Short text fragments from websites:
- - - - -
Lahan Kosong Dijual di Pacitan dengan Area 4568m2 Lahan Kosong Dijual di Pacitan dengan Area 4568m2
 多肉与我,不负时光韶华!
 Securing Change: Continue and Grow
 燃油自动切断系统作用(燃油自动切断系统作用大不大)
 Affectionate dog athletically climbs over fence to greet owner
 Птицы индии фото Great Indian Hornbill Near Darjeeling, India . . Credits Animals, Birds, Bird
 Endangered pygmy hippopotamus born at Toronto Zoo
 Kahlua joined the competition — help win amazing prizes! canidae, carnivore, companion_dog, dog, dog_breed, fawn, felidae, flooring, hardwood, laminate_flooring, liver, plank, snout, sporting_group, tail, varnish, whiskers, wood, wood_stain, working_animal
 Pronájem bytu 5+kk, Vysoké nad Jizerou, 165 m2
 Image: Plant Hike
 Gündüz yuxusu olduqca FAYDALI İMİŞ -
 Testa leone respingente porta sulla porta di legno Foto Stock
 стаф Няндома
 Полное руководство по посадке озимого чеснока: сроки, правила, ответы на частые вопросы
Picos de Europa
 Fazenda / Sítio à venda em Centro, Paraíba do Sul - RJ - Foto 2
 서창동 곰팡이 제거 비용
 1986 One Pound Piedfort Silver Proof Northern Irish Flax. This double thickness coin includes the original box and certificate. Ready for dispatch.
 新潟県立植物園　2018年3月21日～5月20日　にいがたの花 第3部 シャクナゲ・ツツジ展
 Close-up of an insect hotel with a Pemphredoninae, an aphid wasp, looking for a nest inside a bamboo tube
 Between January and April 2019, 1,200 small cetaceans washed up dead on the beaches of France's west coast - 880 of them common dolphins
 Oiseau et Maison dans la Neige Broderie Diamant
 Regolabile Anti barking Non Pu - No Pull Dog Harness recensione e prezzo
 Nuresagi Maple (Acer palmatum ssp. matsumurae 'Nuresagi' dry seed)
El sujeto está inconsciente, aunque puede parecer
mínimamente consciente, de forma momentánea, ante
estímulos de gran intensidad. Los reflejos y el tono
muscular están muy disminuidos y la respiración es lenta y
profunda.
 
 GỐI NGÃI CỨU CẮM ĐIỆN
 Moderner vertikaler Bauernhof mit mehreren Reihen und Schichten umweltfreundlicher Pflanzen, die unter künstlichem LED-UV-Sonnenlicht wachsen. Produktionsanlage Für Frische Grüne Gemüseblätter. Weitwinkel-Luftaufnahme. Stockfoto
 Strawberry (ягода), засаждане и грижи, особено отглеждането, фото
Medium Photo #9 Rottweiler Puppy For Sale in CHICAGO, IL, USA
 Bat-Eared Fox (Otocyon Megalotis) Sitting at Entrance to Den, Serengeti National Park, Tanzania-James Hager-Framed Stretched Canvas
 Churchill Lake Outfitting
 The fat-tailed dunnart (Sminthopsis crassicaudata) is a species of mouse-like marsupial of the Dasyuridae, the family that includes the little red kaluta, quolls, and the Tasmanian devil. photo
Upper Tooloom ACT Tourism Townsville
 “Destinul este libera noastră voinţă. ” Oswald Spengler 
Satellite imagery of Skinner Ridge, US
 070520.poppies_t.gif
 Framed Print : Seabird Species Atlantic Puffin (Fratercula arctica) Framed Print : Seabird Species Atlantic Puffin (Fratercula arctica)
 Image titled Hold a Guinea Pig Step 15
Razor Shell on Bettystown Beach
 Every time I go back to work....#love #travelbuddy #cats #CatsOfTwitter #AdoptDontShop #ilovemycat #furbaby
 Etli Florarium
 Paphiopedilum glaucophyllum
- - - - -
Problem: Wherever the string "Framed" appears in the entries above, list that line.

Solved exercise:
 Bat-Eared Fox (Otocyon Megalotis) Sitting at Entrance to Den, Serengeti National Park, Tanzania-James Hager-Framed Stretched Canvas
 Framed Print : Seabird Species Atlantic Puffin (Fratercula arctica) Framed Print : Seabird Species Atlantic Puffin (Fratercula arctica)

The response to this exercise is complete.